2012年9月17日月曜日

原田泰氏の震災復興欺瞞の構図(14)


昨日からの続きです。
自治体の望む「復興」
「国に対して、各自治体は、どのような復旧を計画しているのだろうか。各自治体は、まず復旧、そして恒久的な地域の発展を望んでいるだろう。

高台移転は高コスト
どの県の計画でも災害に強いまちづくりが謳われ、住民の高台移転が計画されている。高台移転とは、高台を造り、住民を移転させる計画だ。しかし、三陸の急峻な山を何百メートルも切り崩して盛り土するのは大変な工事である。

三陸の住宅地の地価は、坪5万円以下である。畑や田圃を宅地にすれば、さらに安くすむ。しかも、人口は減少している。新たに高台の住宅地を造るなど、とうてい見合わない投資である。

宮城県は610日に、住宅の高台移転など復興まちづくりを進めた場合のコストを政令市の仙台市、高台移転の計画がない利府町、松島町を除く沿岸75町を対象に試算している。
それによると、高台移転は772ヘクタール、13900戸が対象で、総事業費は4250億円になるという。
4250億円を1.39万戸で割ると、一戸当たり3058万円となる。4250億円を772ヘクタールで割ると、1平方メートル当たり5.5万円になる(*坪単価にすると18.15万円である)。772ヘクタールを1.39万戸で割ると、一戸当たり555平方メートルになる。一戸555平方メートルとは168坪の敷地(むちろん、道路や公園用地などで3割以上の土地を確保する必要があるので、一戸当たりの敷地は100坪程度となる)ということになる。これほどの巨額のコストをかける必要があるのだろうか。

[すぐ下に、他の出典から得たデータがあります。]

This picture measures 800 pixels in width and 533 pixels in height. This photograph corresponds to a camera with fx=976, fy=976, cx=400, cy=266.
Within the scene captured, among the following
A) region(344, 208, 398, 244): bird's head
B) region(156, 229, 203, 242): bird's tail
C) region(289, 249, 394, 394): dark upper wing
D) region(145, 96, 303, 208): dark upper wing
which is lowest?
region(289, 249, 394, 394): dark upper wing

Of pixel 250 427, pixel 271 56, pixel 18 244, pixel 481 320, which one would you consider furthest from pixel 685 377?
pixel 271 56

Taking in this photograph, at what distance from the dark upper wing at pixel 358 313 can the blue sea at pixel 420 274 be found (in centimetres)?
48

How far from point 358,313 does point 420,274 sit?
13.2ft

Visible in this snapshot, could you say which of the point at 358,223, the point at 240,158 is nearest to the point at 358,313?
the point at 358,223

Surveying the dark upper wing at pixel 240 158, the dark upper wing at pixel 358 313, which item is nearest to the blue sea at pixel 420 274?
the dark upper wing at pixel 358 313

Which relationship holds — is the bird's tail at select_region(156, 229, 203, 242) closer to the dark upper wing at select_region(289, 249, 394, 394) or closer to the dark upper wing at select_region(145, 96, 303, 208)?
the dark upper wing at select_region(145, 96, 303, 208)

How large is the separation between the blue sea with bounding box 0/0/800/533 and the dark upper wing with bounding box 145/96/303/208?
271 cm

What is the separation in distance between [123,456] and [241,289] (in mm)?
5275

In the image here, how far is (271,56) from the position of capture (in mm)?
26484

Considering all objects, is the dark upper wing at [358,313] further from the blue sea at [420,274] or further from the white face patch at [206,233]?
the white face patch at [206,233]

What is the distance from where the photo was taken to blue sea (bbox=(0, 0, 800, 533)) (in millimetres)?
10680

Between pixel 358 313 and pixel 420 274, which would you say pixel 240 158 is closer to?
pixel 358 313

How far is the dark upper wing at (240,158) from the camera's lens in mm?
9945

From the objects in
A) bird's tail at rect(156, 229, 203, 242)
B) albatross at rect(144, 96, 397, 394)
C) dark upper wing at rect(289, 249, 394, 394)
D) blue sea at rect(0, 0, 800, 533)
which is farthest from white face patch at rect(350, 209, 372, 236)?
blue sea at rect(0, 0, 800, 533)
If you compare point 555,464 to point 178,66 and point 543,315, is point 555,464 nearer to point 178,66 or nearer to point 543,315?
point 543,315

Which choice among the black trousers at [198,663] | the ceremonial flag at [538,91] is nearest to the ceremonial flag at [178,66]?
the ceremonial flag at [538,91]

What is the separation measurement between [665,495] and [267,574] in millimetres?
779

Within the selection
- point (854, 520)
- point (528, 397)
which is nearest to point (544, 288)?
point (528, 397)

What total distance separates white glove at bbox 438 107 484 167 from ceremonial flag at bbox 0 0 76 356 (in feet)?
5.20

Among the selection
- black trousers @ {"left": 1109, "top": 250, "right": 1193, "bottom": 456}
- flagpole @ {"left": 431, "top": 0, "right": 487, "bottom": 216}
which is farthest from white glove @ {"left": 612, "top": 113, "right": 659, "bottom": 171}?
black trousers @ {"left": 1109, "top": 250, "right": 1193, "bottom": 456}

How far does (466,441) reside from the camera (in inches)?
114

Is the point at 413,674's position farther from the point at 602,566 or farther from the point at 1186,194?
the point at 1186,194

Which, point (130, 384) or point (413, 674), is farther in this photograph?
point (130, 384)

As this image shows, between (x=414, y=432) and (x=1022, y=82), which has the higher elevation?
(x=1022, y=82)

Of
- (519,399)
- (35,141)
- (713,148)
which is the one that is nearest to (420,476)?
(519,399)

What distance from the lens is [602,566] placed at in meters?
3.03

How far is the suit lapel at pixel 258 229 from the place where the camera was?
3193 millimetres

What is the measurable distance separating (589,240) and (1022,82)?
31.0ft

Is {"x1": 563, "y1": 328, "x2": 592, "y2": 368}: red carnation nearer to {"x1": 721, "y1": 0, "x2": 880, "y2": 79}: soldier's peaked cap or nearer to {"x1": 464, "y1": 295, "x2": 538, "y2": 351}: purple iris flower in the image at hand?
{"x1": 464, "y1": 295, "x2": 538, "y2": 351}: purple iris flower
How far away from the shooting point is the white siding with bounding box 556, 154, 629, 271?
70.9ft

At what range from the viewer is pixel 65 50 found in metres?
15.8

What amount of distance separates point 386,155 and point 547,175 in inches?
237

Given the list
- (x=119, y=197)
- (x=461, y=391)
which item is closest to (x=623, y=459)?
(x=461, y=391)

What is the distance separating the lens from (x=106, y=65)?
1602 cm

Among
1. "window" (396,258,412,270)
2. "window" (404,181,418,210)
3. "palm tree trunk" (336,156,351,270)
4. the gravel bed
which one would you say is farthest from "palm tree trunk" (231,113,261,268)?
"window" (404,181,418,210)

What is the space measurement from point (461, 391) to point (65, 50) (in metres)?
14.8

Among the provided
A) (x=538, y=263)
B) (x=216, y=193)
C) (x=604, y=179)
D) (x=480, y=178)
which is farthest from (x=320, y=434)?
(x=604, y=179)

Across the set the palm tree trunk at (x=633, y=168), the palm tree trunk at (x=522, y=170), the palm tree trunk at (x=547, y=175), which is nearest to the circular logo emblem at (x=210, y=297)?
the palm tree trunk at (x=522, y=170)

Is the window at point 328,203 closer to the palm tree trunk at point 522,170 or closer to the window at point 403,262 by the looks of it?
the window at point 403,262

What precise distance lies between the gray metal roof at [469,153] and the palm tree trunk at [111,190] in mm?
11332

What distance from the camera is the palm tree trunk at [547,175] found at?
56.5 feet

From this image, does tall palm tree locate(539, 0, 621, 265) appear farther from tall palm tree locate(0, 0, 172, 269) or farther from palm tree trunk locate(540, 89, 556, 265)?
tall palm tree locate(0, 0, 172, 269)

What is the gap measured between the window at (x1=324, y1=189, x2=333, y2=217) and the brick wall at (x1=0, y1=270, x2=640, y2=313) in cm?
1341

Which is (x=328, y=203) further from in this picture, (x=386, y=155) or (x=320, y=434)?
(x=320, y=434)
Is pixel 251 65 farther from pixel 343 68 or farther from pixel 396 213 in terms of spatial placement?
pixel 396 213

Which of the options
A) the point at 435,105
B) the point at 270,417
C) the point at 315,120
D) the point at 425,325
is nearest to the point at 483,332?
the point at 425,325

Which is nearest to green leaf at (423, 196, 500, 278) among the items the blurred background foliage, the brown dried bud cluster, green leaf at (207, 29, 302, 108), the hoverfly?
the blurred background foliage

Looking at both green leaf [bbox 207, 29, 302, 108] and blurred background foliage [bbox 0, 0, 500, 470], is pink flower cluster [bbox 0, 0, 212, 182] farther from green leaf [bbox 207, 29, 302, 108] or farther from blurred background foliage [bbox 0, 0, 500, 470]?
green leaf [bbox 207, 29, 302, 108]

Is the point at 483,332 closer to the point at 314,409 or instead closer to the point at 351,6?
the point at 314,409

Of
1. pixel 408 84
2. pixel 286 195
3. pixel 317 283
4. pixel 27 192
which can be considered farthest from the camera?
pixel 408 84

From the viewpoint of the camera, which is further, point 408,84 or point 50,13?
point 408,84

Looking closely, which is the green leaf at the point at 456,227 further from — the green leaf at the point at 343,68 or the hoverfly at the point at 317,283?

しかも、そのようにして造られた土地に、人々が住むかどうか分らない」
ここが大事なところで、国がすべてを出してくれると思っているかもしれませんが、大きな間違いで、かならずその付けは、そこに住む住民に来ます。神戸淡路大震災のときの長田地区のように人が住まないところがほとんどになっています。高過ぎて住めないのです。コスト意識が復興には不可欠のように思います。